Могучее тело Фокса сотрясалось от смеха, на глазах выступили слезы.

– Разрази меня гром! Я отдал бы все, что заработал в прошлом году на бирже, только бы посмотреть на лицо бедного Дэшвуда в этот момент.

– Ну да, теперь это кажется смешным, – серьезно возразил Селвин. – Но полученный урок мы запомнили на всю жизнь; тут и распался наш клуб Адского Огня. Обезьяна Уилкса слишком уж напоминала черта, чтобы продолжать по ночам игры в монахов и монашек на развалинах аббатства.

– Ну и тип этот Уилкс! – воскликнул полковник. – За последние полвека никто в Англии не наделал столько шума, как он.

– Уилкс десятерых стоит! – вскричал Фокс. – Разразившиеся после его статьи в «Норт Бритон» скандалы, его изгнание из парламента и арест чуть не привели к революции. Выборщики Миддлсекса на протяжении двенадцати лет отказывались быть представленными в парламенте каким-либо другим кандидатом и постоянно пытались заставить членов парламента снова принять его. Вместо того чтобы дебатировать войну с Америкой, мы большую часть времени бесновались от ярости, которую вызывал у нас Джон Уилкс очередным своим поступком.

– Удивляюсь, Чарльз, как вы можете об этом говорить не краснея, – улыбнулся Селвин, – особенно если учесть, что ваша тогдашняя роль – вы ведь травили Уилкса и боролись за ограничение свободы прессы – никак не вяжется с вашими нынешними принципами.

Старый искушенный политик только пожал плечами:

– Времена меняются, Джордж. Тогда мне, молодому здоровому аристократу, не было дела до нужд простых людей. Как ни странно, в свое время я горячо поддерживал короля и защищал привилегии знати, а сейчас Фермер Джордж[4] ни одного подданного во всем королевстве не ненавидит больше, чем меня.

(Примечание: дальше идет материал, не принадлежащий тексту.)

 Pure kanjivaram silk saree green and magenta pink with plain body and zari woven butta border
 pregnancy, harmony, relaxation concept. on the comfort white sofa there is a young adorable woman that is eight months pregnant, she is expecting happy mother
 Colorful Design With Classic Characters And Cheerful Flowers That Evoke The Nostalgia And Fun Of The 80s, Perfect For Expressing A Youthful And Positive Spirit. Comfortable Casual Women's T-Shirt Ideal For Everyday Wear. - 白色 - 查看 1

– Вы поменялись местами с Уилксом, сэр, – рассмеялся Роджер. – Когда-то король считал его своим злейшим врагом, а недавно я слышал, будто его величество весьма лестно отозвался об Уилксе, когда тому, как лорд-мэру Лондона, пришлось подавать петицию.

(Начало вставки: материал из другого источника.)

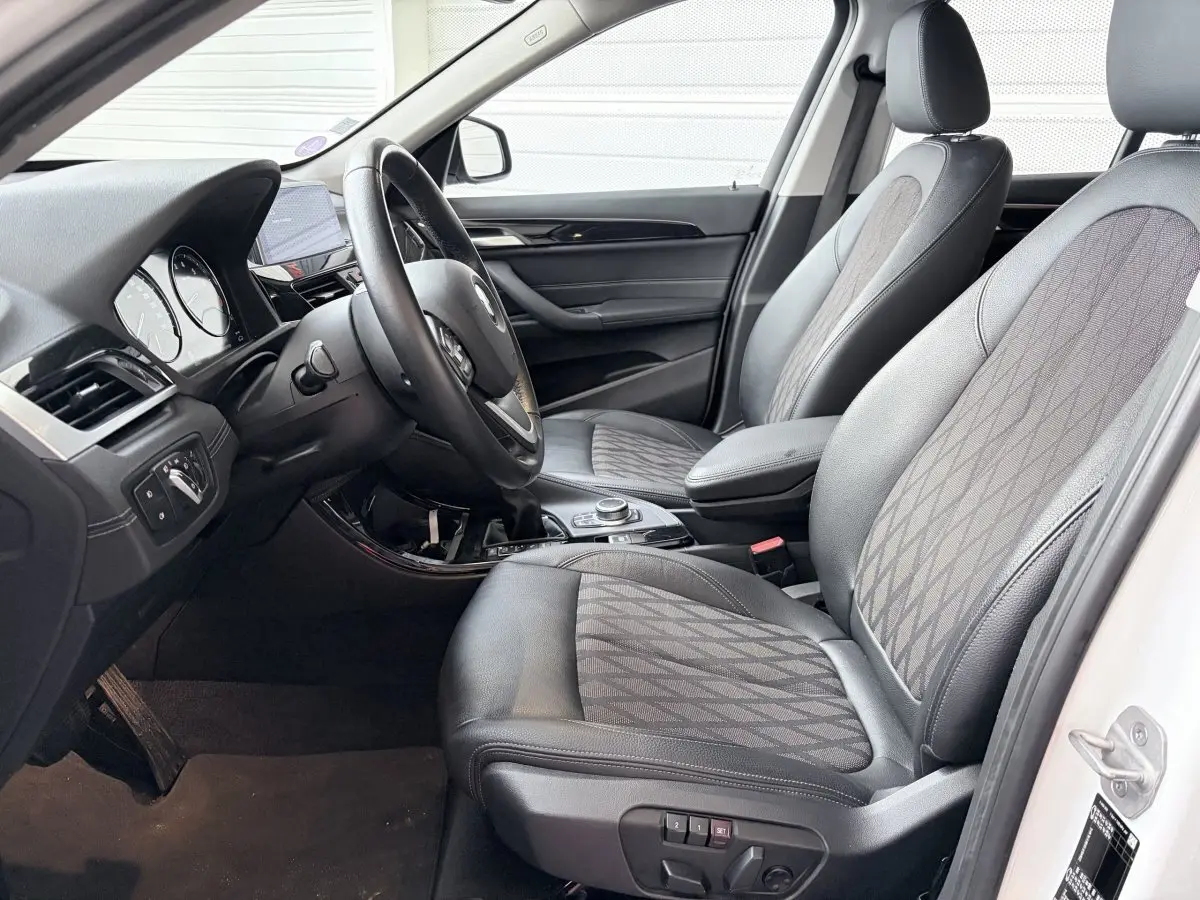 Vue intérieure côté conducteur de la BMW X1 blanche, montrant sièges en cuir et tissu avec motifs géométriques.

– Это правда, – признал Фокс. – И вы только посмотрите, какие чудеса творит магия времени в делах людских! Кто бы мог подумать, что после непристойных «Заметок о женщинах», опубликованных Уилксом, отцы города, известные своими пуританскими взглядами, выберут его главой городского магистрата или что он, некогда член клуба Адского Огня, проведет свои преклонные годы в мрачной роли городского канцлера!

– Память людей досадно коротка, – заметил полковник Терсби. – Огромная популярность давно затмила все его прежние грехи – никто из того поколения не сделал больше, чем он, для расширения гражданских свобод.

– «Уилкс и свобода!» – кивнул Фокс. – Одним этим призывом можно было поднять толпу. Никогда не забуду, как однажды после моей речи против него люди напали на мою карету и изваляли меня в грязи; не забуду я и ликующую толпу, которая тащила Уилкса на Людгейт-Хилл, когда его выпустили из тюрьмы. В последние же годы, увы, глубокая апатия охватила народные умы, и мои надежды на реформы не встречают понимания, да и нет больше того могучего духа противостояния дурным действиям кабинета министров, какой был в те времена, когда Уилкс осмелился бросить вызов королю.

– Причину этого не надо искать далеко, сэр, – заметил Друпи Нед. – Бесчинства разбушевавшихся толп во время восстаний Гордона заставили правительство принять жесткие меры против этого тысячеголового монстра, который использовал проект смягчения участи католиков как повод для удовлетворения своего зверского аппетита. Все, кто видел объятые пожаром кварталы Лондона, навсегда разуверились в благих целях массовых народных выступлений. Один лишь король не потерял тогда головы и приказал ввести в город войска для усмирения орд пьяных мародеров – ничего удивительного, что в глазах законопослушных граждан он стал спасителем отечества.